3.2.3 Searcher contexts
The realities of retrieval situations, as represented by the activities of users, define many contextual characterisations of users and tasks as parameters to be captured for an evaluation of interactive systems and facilities. Investigations which have sought to identify factors or (searcher traits as) predictors of search performance help to define these external variables of retrieval setups. With the shift from trained intermediaries to novice end users of IR systems came much research into the impact of individual differences on searcher behaviour and performance. For example, Saracevic et al. (1988) lists such research which study, for example, differences in users' search experience, training, cognitive characteristics, and perception of the information need on online searching. In their investigation of the nature of information seeking behaviour, Saracevic et al. examined five aspects of users, questions, searchers, searches, and outputs. A major outcome was the correlation of system performance with these variables thus identifying the external (user) factors that impact on search performance and which system designers should be aware. It is of interest that Beaulieu et al. (2000) analysed a further two stages of the interactive search process, browsing and selecting documents, and viewing full documents, with respect to user behaviour. Again it was found that different contexts influenced search behaviour. For example, two styles of browsing emerged in users' examination of the documents retrieved. When multiple answers to the query were found searchers worked systematically; but when few answers could be identified searchers were more selective. Scanning was seen to be the most prevalent strategy for evaluating document content, leading the researchers to posit that searchers seek considerable contextual information before making a relevance judgement. Further they state that passage retrieval, where the searcher is taken to the best passage that represents the highest scoring document section in relation to query term occurrence, was found to be disorienting and counter intuitive when searching on less familiar topics.
3.2.4 User satisfaction
Evaluation of a retrieval system's performance can thus be conducted in the abstract context of a Cranfield test or in an operational environment involving end users. The latter, as the above review indicates, presents serious challenges with the additional layers of complexity with respect to its design. The users' cognitive state (especially their understanding of the information need) will constantly change as they interact with the system and view documents. Such learning effects necessitate large and costly samples to replicate the search for system comparison. Furthermore the intrinsic variation in user needs and cognitive characteristics of the searcher are linked in some way to the relevance decisions they make, and to the use and value of different search facilities. A judgement of utility will be subjective and depending on what is important to the user different system features will impact on this judgement. Evaluation of interactive features (impact on search performance) must be undertaken in a complex test environment where searcher behaviour will impact on search performance and the context of the user's information need will affect the usefulness of the system search features. This all makes for generalisations and reliable comparisons about IR performance difficult.

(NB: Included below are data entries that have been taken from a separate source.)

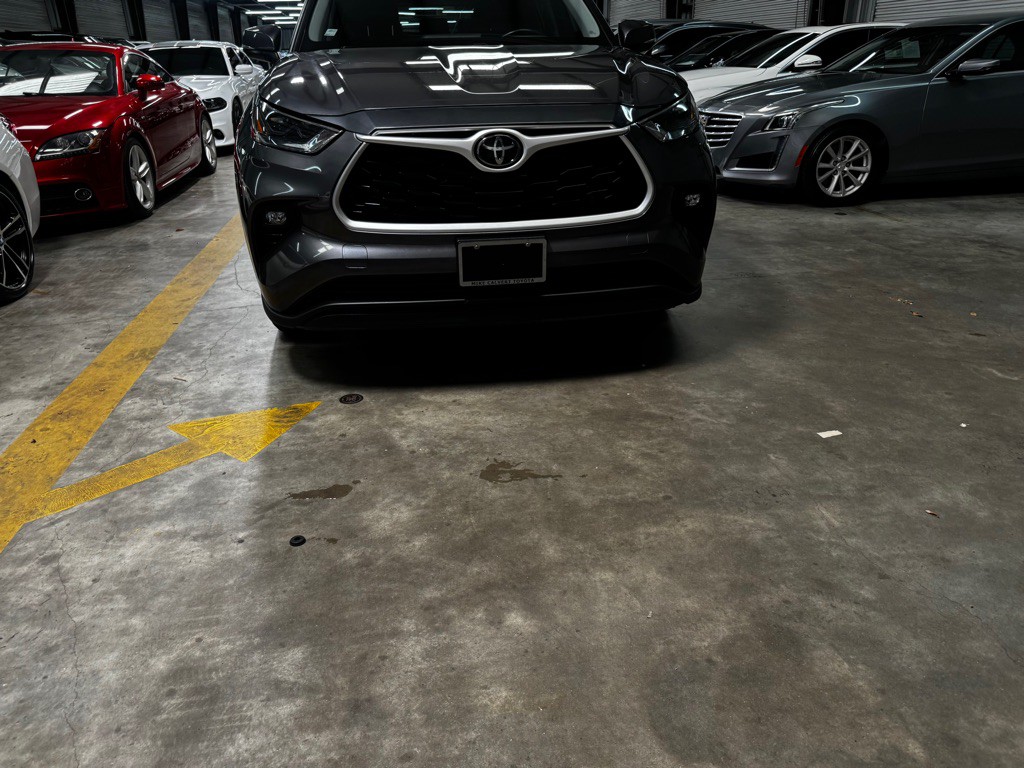 2022 Toyota Highlander Image 8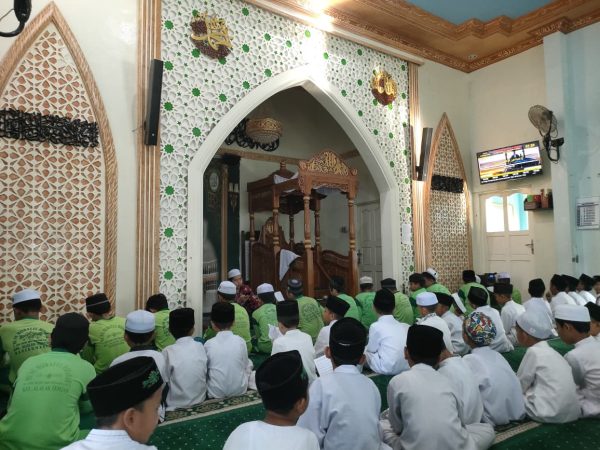 Kegiatan Jum'at Taqwa : Membaca Aqidatul Awam dan Syarahnya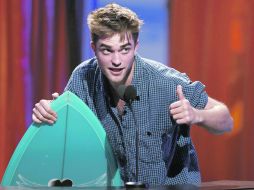 Robert Pattinson se llevó varios premios, incluyendo el de Estrella masculina del verano por Eclipse. AP  /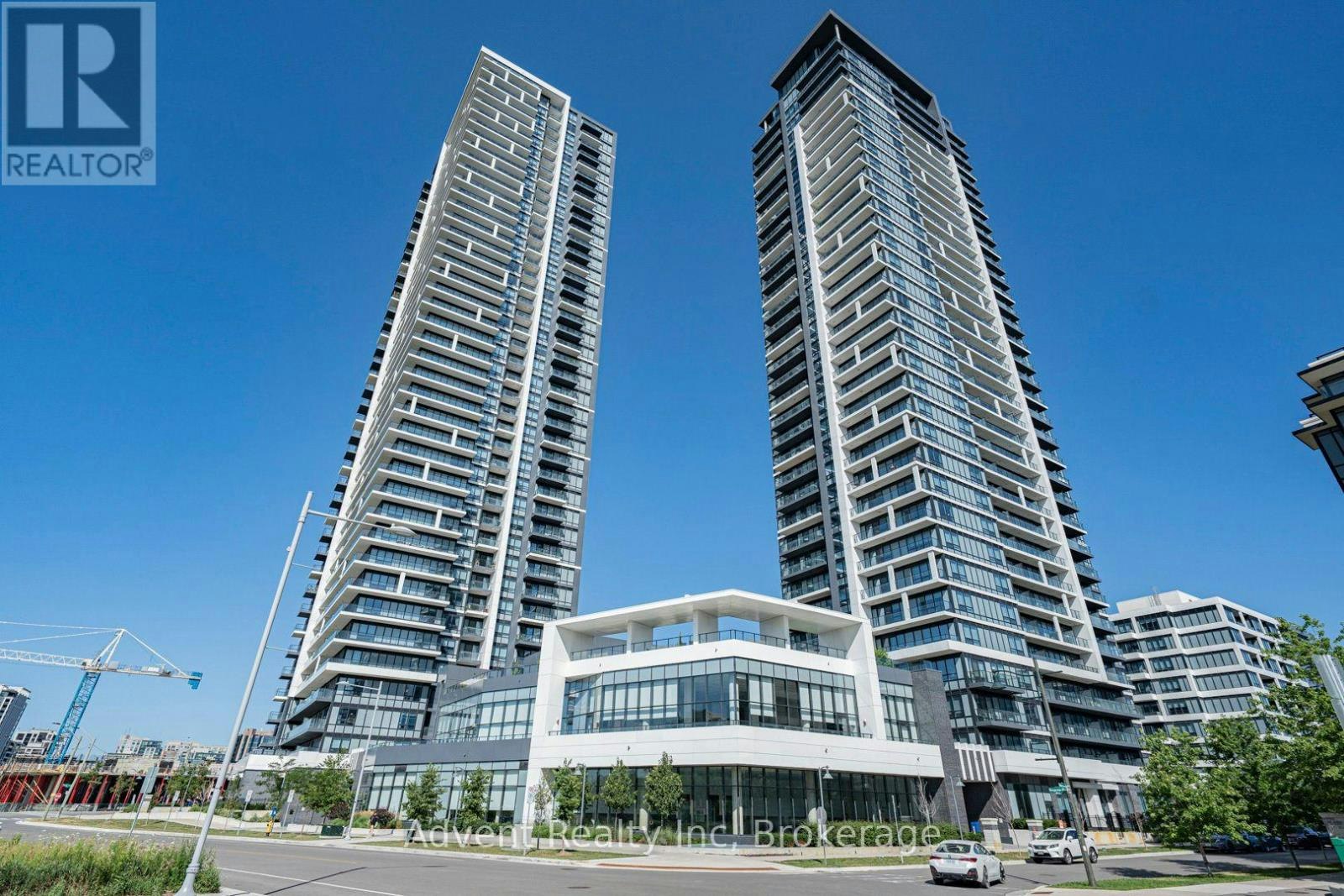 3806-18 Water Walk Drive, Markham, ON, L3R 6L5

An alternative approach to evaluation from a user perspective is to attempt to understand how users of the system themselves evaluate performance. The construct of user satisfaction used in system evaluation aims to achieve such a summary expression of users' perceptions based on the usefulness of a system. Throughout the history of evaluation, subjective measures concerning user satisfaction with search experience have been gathered. Lancaster and Warner (1993) report that such studies have consistently shown accessibility and ease of use to be the prime factors influencing the choice of an information source. Our review of user satisfaction and search engines (3.3) would seem to confirm the emergence of key influencing factors, but also reveals the multiple dimensions on which evaluation from a user perspective can be based. The reason for this complexity stems from the variety of criteria, based on user requirements, on which users may judge system success and the variations in user contexts which impact on an expression of system satisfaction. Tessier et al (1977) put forward three assumptions which they claim imply how satisfaction should be measured:
- that user's satisfaction will be a function of how well the product fits their requirement;
- that the user's state of satisfaction is experienced within the framework of their expectations;
- that people may seek a solution within an acceptable range instead of an ideal or perfect solution.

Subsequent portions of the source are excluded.